A mixed-use building proposed to replace City People’s Garden Store on East Madison Street in Madison Valley went through its fourth public comment meeting June 6, and the project’s most vocal opposition remained unhappy with the design.
One area resident, former city personnel director Mark McDermott, went as far as to reference an infamous quote from the destruction of Ben Tre in the Vietnam War.
“The city has decided that it has become necessary to destroy the village to save the village,” McDermott said, paraphrasing an anonymous U.S. Army officer’s explanation for a bombing operation that killed up to 1,000 civilians. “... This project is not welcome in our community.”
A mixed-use residential and retail building anchored by a PCC Market grocery store has been proposed to replace City People’s Garden Store since early 2016, when the store owners announced their retirement and sold the property to Leap Associates, a company registered to a West Seattle condo.

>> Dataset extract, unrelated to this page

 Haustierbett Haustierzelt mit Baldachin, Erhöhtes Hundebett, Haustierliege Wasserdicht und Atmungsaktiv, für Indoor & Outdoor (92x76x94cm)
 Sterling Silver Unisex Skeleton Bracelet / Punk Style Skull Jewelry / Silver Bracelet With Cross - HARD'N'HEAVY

In every iteration, the design has risen four stories from its frontage on East Madison Street, and six stories from its rear on the lower valley slope adjacent to Dewey Place East, a primary complaint of the residents of the bordering neighborhood of single-family homes. Several of the residents of this valley neighborhood organized into a protest group, Save Madison Valley, following the initial proposal of the apartment building in 2016.
The third and latest proposed design for the project, submitted to the Department of Construction and Inspections in January, responded to two complaints from valley neighbors. First, that the rear of their homes would face the relatively featureless rear wall of a parking garage and, second, that traffic into and out of the parking garage would detrimentally bottleneck traffic on East Madison Street.
In their updated design, the architects added a row of townhomes on Dewey Place East for the stated purpose of transitioning the building character into the single-family neighborhood. The architects also added a second residents-only entrance to the building’s parking garage, accessible from Dewey, to split the flow of building traffic. The design has 82 units -- seven more than the original design -- and 140 parking stalls -- 16 less than the original design.
Save Madison Valley members did not react well to the design updates. Several said that the attempts at compromise had made the design worse.
“You have now put 10 front doors ... on an undersized city street,” Paul Crouther said.
Melissa Stoker* argued that Dewey Place East, at 19 feet wide, was more akin to an alley than a street, and should not have additional vehicle traffic directed to it.
Tony Hacker, one of several speakers who lives across from the proposed building site, said he believed the design was even bulkier than a year prior. He added that he believed the design was not in character with the buildings on three of its’ sides. (However, it would be comparable in height to the building immediately across East Madison Street.)
“Trying to fit the design into the proposed site is like trying to fit a very large square peg in a very small round hole,” Hacker said.
Former Madison Park Community Council president Mark McPherson said he feared the loss of the property’s trees to construction. He noted that the speakers before him had been emotionally charged, but said he believed that was because the project was representative of the pattern of development and gentrification across Seattle.
“It’s that kind of project, because the question is, when does a project go to far?” McPherson said. “This might be the project that goes too far.”
Some supporters for the project attended the meeting, but almost none spoke. It found one champion in real estate broker Marion Holder, who said she was not familiar with this particular project, but generally supported dense development.
“Amazon is bringing in 30,000 new residents to the city of Seattle,” she said. “They need places to live too.”
The proposed project, located at 2925 East Madison St., has yet to undergo environmental review. That step will take place sometime in the next few months, land use planner Magda Hogness said. The address is noted by city records as resting on a 40 percent steep slope in a liquefaction zone.